#### [Task to carry out]
Could the listing below be returned exactly, with its pictures left out?

#### [The data]
= Beginning of Section =

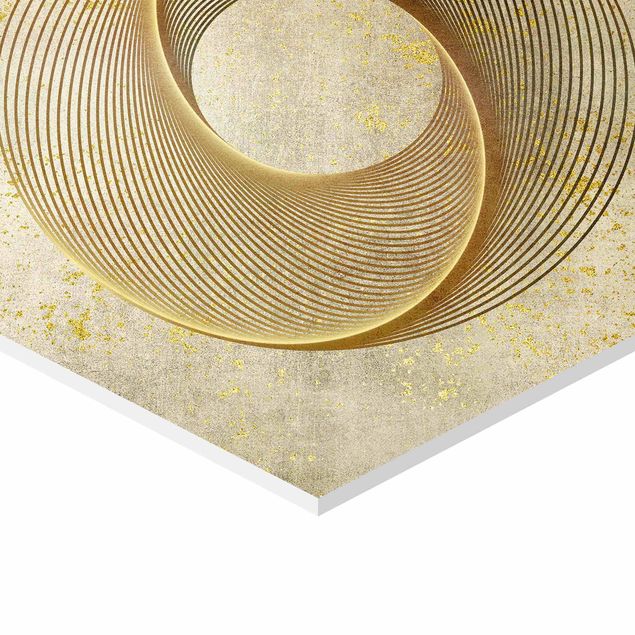 Esagono in forex - Line Art cerchio d'oro a spirale
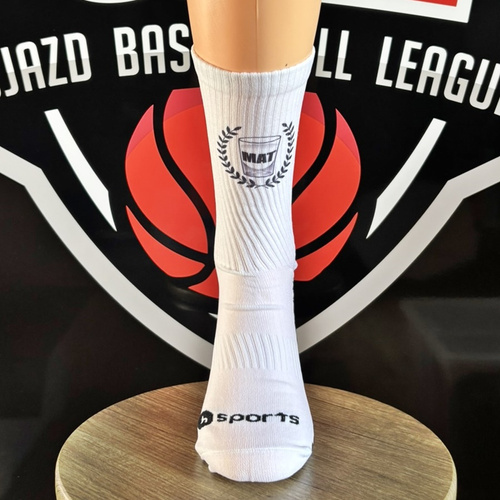 hSports x MAT Wear basketball socks MAT Front Logo white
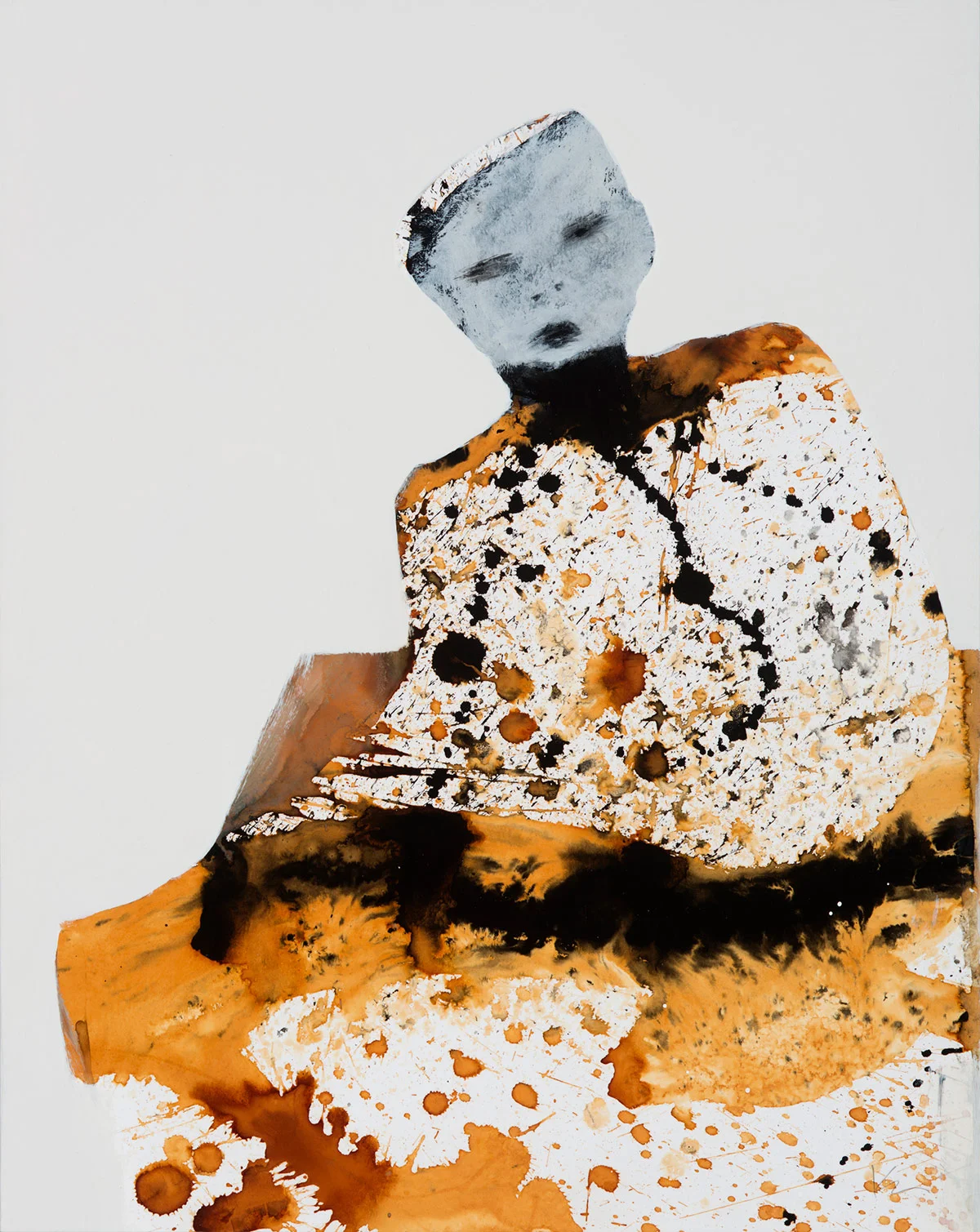 Marianne Kolb - Explorations with Rust - rust, sumi ink colored gesso on panel (No.34) - 27"h x 20"w framed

= End of Section =

#### [Response area]
 Esagono in forex - Line Art cerchio d'oro a spirale
 hSports x MAT Wear basketball socks MAT Front Logo white
 Marianne Kolb - Explorations with Rust - rust, sumi ink colored gesso on panel (No.34) - 27"h x 20"w framed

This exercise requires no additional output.